══ Data

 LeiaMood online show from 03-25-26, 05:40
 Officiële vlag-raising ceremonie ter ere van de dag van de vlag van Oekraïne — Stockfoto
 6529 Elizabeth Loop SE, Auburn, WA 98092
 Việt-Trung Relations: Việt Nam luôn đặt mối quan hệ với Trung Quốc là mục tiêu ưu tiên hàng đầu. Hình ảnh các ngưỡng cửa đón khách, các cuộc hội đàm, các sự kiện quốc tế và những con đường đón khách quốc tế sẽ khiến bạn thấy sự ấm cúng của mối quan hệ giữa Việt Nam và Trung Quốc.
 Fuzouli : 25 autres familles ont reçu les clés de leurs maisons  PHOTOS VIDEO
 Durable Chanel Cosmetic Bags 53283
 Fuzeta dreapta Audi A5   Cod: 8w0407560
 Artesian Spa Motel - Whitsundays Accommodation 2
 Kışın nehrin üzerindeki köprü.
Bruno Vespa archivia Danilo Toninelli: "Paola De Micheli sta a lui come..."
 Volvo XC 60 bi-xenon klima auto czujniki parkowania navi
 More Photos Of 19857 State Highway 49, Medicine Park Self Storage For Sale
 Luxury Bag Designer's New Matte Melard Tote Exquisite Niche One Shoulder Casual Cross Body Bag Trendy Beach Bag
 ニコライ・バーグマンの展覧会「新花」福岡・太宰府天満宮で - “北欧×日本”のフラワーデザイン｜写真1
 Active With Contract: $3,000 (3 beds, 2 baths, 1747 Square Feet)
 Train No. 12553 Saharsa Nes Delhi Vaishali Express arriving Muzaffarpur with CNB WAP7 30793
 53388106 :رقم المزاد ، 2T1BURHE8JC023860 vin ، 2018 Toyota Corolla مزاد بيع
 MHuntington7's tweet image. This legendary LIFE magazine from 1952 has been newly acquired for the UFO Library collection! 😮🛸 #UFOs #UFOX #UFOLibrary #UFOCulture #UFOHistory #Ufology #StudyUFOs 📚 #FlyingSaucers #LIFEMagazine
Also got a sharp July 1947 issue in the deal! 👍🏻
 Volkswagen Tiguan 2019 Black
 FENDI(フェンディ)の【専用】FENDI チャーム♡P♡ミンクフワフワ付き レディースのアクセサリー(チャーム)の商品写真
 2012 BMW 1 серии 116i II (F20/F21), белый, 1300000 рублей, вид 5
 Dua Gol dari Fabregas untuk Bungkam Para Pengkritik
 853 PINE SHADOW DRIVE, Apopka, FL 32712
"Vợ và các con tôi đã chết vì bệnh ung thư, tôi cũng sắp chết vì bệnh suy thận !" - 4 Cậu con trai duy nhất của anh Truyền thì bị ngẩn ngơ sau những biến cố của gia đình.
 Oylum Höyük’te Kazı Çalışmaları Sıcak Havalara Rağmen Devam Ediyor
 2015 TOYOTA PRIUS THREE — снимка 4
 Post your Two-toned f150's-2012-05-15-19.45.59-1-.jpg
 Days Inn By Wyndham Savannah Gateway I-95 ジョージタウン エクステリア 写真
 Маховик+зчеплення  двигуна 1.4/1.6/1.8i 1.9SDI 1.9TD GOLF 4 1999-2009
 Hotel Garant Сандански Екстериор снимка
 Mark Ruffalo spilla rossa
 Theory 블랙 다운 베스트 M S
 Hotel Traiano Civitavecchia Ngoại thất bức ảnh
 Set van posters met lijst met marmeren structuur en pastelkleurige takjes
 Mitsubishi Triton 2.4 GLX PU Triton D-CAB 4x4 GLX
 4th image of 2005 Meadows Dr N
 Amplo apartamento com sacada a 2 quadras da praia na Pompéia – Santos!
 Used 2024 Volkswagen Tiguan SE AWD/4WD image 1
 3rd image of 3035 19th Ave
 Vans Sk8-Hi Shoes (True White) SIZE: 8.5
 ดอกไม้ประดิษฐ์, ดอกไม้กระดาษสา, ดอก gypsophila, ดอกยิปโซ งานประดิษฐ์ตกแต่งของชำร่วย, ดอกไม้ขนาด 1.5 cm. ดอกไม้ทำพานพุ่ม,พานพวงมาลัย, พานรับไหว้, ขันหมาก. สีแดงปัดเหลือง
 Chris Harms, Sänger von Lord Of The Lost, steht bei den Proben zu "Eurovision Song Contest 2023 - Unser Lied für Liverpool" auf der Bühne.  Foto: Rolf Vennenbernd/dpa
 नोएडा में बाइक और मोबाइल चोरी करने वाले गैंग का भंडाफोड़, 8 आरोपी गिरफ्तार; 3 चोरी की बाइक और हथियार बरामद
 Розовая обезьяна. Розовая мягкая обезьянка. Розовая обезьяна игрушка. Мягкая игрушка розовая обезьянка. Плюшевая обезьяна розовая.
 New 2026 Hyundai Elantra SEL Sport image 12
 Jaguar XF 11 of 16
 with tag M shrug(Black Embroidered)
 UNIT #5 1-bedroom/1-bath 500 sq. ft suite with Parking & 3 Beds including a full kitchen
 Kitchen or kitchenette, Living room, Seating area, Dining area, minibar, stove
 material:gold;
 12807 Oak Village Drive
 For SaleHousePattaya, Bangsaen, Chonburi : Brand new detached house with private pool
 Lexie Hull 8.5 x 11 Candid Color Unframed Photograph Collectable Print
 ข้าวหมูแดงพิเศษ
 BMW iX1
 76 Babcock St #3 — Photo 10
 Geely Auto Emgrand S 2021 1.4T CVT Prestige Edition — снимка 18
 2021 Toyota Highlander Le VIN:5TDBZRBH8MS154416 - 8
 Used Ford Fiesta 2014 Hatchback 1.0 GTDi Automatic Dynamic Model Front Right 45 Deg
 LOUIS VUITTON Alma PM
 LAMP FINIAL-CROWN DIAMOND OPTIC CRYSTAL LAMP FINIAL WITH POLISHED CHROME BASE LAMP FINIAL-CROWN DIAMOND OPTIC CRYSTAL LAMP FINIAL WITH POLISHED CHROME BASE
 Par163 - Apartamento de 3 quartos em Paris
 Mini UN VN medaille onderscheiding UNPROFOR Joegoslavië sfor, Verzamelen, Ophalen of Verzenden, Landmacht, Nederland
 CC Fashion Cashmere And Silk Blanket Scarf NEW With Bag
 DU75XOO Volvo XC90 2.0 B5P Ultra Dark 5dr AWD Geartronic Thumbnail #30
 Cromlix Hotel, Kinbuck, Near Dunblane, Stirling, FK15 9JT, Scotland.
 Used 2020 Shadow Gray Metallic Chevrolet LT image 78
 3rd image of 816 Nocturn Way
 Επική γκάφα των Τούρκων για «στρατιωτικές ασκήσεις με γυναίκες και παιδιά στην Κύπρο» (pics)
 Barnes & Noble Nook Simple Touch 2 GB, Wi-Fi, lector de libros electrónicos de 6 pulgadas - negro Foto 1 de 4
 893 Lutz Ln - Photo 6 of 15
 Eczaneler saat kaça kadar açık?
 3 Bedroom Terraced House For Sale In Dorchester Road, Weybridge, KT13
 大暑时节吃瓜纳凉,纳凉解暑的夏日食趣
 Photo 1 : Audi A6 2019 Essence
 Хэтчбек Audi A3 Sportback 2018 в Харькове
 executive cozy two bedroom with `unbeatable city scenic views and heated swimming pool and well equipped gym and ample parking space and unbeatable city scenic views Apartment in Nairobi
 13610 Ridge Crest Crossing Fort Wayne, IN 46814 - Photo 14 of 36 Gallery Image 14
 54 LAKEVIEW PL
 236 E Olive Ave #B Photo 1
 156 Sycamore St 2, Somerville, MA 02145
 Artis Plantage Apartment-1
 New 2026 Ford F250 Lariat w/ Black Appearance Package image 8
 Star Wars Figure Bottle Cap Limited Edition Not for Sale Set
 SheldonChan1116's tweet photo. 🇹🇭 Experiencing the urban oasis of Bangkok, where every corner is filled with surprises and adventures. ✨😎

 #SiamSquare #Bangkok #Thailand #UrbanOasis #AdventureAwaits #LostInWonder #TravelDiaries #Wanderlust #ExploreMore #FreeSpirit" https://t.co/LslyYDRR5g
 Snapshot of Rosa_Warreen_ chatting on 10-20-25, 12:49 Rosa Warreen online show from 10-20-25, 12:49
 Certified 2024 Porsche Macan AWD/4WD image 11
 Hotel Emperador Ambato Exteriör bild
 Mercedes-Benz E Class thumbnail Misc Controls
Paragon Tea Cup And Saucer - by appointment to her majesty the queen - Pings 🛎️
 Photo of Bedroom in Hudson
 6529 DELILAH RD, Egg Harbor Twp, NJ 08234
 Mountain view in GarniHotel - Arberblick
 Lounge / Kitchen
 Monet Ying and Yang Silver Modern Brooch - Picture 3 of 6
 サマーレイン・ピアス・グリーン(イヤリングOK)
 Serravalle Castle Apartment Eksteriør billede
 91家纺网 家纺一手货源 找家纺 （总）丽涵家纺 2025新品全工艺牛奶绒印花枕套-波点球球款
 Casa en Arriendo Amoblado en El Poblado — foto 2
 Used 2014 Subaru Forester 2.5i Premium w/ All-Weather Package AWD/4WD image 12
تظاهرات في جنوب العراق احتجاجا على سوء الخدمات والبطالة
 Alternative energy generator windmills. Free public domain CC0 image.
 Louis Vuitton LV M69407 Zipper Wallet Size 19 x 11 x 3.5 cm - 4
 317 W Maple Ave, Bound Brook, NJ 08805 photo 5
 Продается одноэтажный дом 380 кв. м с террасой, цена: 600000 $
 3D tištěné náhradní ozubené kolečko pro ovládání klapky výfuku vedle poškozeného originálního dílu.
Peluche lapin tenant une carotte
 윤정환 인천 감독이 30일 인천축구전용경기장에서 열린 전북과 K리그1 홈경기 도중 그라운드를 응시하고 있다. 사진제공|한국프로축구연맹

════

• [Aim of the task]:
In the entries above, one line contains "For SaleHousePattaya, Bangsaen, Chonburi" and another contains "Par163 - Apartamento de 3 quartos em Paris". Reproduce exactly those two lines and the lines between them, nothing else.

• [Exercise solution]:
 For SaleHousePattaya, Bangsaen, Chonburi : Brand new detached house with private pool
 Lexie Hull 8.5 x 11 Candid Color Unframed Photograph Collectable Print
 ข้าวหมูแดงพิเศษ
 BMW iX1
 76 Babcock St #3 — Photo 10
 Geely Auto Emgrand S 2021 1.4T CVT Prestige Edition — снимка 18
 2021 Toyota Highlander Le VIN:5TDBZRBH8MS154416 - 8
 Used Ford Fiesta 2014 Hatchback 1.0 GTDi Automatic Dynamic Model Front Right 45 Deg
 LOUIS VUITTON Alma PM
 LAMP FINIAL-CROWN DIAMOND OPTIC CRYSTAL LAMP FINIAL WITH POLISHED CHROME BASE LAMP FINIAL-CROWN DIAMOND OPTIC CRYSTAL LAMP FINIAL WITH POLISHED CHROME BASE
 Par163 - Apartamento de 3 quartos em Paris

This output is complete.